We report the preclinical testing of temozolomide in the 231-BR-EGFP experimental BM model system. The 231-BR-EGFP model system was previously reported to be representative of breast cancer craniotomy specimens in terms of proliferation and apoptosis rates, and a neuroinflammatory response (44). The experimental metastasis model employed histologic counts as opposed to imaging, since imaging signals can be variably diminished by their depth within the brain. This model was extensively tested for the prevention of BM by 18 drugs (18). Partial prevention of BM was noted for several drugs (18), but none was completely effective. In contrast, four experiments at 50 mg/kg, two experiments at 25 mg/kg, and one experiment each at 10 and 5 mg/kg dosing schedules completely prevented the formation of 231-BR-EGFP BM. We attempted dual fluorescent staining of brain sections with antibodies specific to human mitochondria and endoplasmic reticulum to identify residual tumor cells that may have been unseen on H&E staining, but remain uncertain of any positive staining. The complete abrogation of BM demonstrated in this study is unique. The extensive dose response of temozolomide prevention of 231-BR-EGFP BM, over a log of doses, suggests that lower doses of drug may be used in a prevention trial. Indeed, temozolomide efficacy has been studied in lower metronomic regimens with good results (45-47).

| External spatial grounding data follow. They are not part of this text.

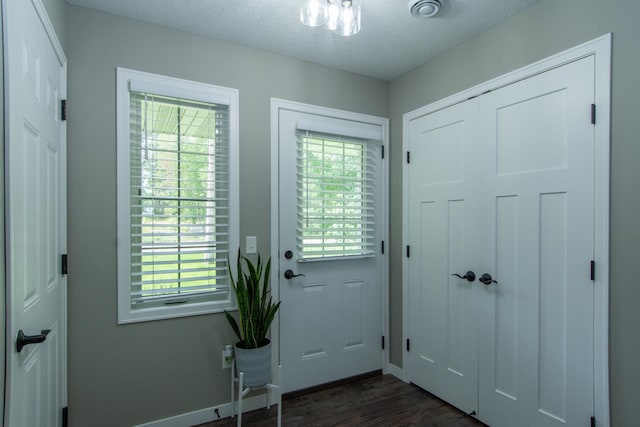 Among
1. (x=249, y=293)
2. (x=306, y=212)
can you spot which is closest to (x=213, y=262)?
(x=249, y=293)

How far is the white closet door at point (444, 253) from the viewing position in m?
2.34

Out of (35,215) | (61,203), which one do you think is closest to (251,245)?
(61,203)

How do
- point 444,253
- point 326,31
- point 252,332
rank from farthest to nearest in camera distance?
point 444,253, point 326,31, point 252,332

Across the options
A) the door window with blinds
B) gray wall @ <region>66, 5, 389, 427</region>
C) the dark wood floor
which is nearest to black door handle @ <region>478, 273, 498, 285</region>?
the dark wood floor

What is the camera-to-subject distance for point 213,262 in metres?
2.33

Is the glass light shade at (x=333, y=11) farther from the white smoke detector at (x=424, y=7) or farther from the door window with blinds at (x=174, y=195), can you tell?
the door window with blinds at (x=174, y=195)

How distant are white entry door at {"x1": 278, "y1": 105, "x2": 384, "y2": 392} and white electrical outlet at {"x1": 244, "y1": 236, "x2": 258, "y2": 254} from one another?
0.67 feet

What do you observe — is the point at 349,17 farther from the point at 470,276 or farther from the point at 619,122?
the point at 470,276

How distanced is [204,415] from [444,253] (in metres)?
1.98

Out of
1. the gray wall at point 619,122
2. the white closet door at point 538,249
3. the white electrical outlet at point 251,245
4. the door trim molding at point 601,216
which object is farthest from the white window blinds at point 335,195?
the door trim molding at point 601,216

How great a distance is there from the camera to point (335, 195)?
9.11ft

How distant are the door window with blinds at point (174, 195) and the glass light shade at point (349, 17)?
3.34ft

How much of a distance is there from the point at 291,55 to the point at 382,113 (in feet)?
3.05

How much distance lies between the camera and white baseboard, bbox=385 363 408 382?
288 cm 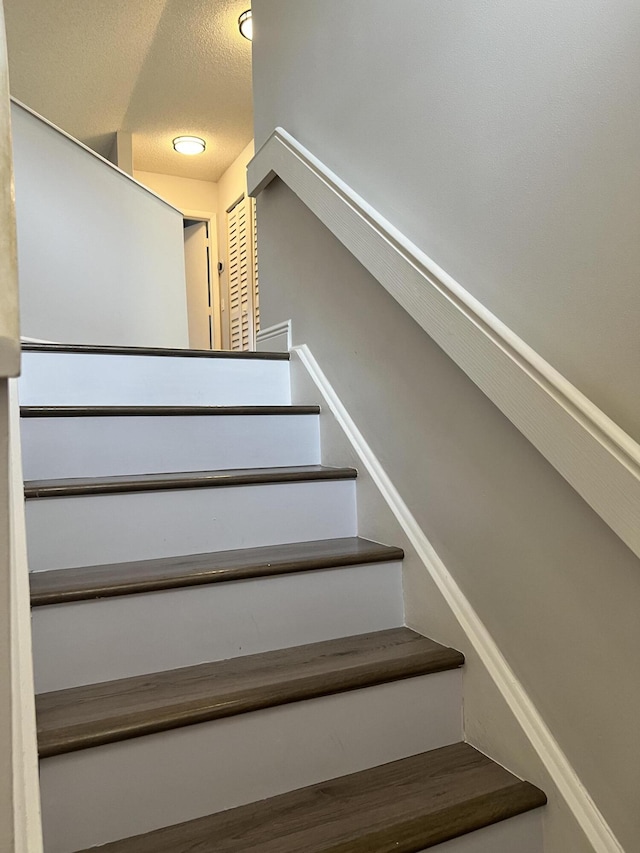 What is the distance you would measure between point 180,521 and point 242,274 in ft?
14.6

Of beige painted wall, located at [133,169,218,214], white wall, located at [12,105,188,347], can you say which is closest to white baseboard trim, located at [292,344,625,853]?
white wall, located at [12,105,188,347]

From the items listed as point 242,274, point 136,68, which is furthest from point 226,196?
point 136,68

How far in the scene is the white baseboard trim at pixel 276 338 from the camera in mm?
2217

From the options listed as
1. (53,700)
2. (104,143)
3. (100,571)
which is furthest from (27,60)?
(53,700)

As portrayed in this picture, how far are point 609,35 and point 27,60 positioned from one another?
4.20 metres

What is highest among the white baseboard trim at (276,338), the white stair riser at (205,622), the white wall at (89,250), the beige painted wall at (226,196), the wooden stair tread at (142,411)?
the beige painted wall at (226,196)

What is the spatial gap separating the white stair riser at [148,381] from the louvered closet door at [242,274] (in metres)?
3.21

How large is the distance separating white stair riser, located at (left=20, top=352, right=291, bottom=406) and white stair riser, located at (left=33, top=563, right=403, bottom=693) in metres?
0.82

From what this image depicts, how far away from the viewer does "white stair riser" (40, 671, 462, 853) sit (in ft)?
3.29

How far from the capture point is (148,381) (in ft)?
6.34

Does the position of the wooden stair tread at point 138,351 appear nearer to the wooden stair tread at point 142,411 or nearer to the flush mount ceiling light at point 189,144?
the wooden stair tread at point 142,411

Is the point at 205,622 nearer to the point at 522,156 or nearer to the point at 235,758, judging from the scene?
the point at 235,758

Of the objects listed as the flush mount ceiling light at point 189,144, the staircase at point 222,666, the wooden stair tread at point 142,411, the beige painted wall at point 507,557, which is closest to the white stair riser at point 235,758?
the staircase at point 222,666

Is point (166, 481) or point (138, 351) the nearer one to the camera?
point (166, 481) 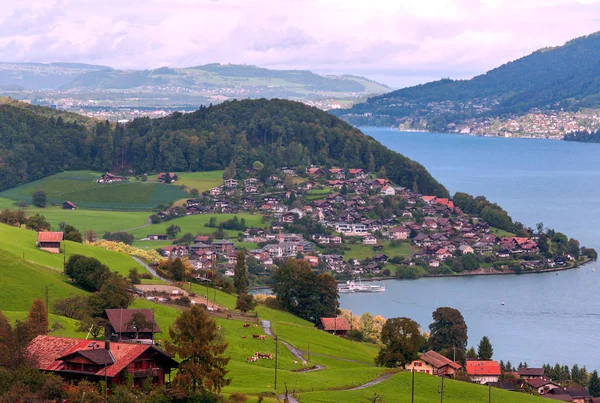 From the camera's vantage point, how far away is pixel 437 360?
3881 centimetres

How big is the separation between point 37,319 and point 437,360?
1576 cm

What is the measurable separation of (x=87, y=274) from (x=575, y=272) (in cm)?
4429

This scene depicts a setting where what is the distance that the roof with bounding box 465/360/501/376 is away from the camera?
40.4 metres

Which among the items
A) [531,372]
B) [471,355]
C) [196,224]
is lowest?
[531,372]

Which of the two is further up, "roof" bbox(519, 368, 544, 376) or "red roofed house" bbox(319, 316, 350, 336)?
"red roofed house" bbox(319, 316, 350, 336)

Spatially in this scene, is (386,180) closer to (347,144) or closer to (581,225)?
(347,144)

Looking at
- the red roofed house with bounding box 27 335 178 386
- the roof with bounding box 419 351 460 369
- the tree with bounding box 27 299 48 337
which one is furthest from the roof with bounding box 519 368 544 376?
the tree with bounding box 27 299 48 337

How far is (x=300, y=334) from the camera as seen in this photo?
40.8 meters

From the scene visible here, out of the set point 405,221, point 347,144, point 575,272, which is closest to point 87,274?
point 575,272

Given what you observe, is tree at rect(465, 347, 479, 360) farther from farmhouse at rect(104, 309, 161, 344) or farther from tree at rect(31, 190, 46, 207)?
tree at rect(31, 190, 46, 207)

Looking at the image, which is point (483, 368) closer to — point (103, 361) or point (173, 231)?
point (103, 361)

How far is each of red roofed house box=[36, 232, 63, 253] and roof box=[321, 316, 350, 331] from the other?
1172 centimetres

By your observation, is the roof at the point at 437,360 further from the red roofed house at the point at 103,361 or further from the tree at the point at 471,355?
the red roofed house at the point at 103,361

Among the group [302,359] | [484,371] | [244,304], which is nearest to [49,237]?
[244,304] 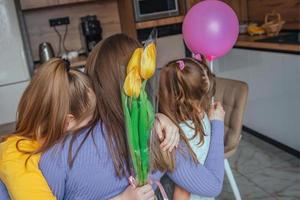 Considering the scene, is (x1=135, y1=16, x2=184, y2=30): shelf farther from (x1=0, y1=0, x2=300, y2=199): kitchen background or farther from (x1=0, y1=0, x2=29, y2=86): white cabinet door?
(x1=0, y1=0, x2=29, y2=86): white cabinet door

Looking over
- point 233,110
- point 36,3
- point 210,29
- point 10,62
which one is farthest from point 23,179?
point 36,3

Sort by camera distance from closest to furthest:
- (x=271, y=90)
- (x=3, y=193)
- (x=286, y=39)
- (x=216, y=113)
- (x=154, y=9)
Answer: (x=3, y=193), (x=216, y=113), (x=286, y=39), (x=271, y=90), (x=154, y=9)

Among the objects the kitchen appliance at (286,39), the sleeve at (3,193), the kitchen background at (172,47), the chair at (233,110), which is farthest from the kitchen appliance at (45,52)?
the sleeve at (3,193)

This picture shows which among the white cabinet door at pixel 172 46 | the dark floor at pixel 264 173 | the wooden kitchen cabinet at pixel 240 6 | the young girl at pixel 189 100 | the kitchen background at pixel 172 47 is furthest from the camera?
the wooden kitchen cabinet at pixel 240 6

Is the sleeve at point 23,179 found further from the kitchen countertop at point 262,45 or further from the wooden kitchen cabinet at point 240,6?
the wooden kitchen cabinet at point 240,6

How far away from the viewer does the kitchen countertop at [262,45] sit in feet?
7.94

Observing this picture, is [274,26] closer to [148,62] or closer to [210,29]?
[210,29]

Our data also suggest that the inhibitory effect of temozolomide was reduced by late administration. Using histologic counts, a two week administration of temozolomide starting at day 17 post-injection was superior to a one week regimen starting on day 24 post-injection. This experiment contained two variables: the size of the brain lesions at the initiation of treatment and the cumulative dose of temozolomide delivered. However, in a survival analysis, equal cumulative doses of temozolomide were administered. Earlier administration of temozolomide (days 3-14 post-injection) produced long term survival in 60% of mice, superior to later administration (days 17-28 post-injection). It remains possible that even greater numbers of mice were “cured” of BM in the survival experiment, as some mice also develop bone metastases and require euthanasia for similar symptoms, such as paralysis.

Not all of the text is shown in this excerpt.